The problem
Wherever the line with "Answer. The monitor, DVD" sits in the listing below, transcribe from it up to and including the line with "The light ring", exactly, and leave the remaining lines out.

The data

|---|

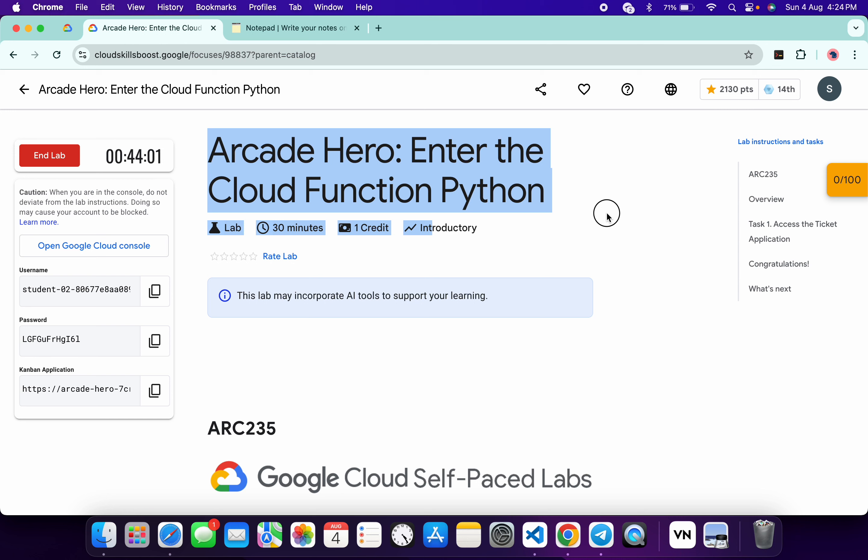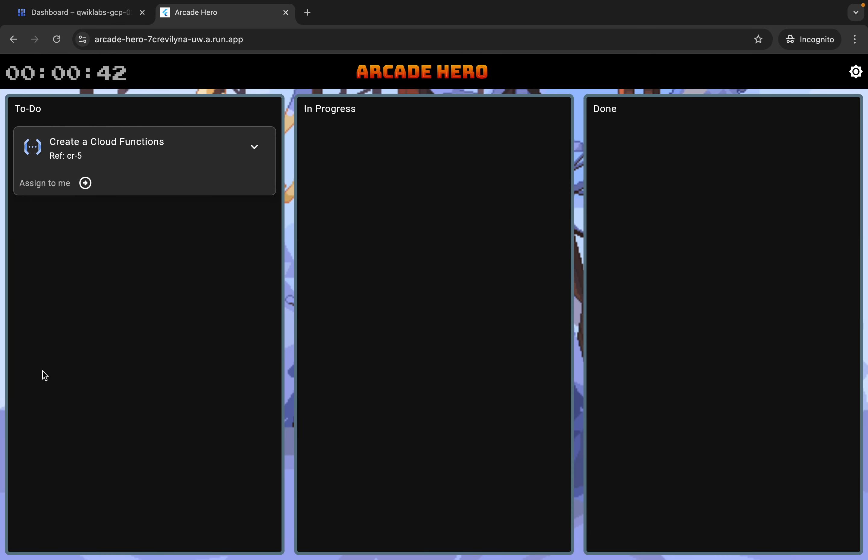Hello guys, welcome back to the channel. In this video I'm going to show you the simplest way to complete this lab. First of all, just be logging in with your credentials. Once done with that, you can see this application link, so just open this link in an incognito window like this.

|---|

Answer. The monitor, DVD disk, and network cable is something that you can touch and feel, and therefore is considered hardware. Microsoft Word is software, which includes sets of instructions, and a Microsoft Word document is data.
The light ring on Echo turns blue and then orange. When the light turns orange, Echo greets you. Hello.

|---|

Output for this task
Answer. The monitor, DVD disk, and network cable is something that you can touch and feel, and therefore is considered hardware. Microsoft Word is software, which includes sets of instructions, and a Microsoft Word document is data.
The light ring on Echo turns blue and then orange. When the light turns orange, Echo greets you. Hello.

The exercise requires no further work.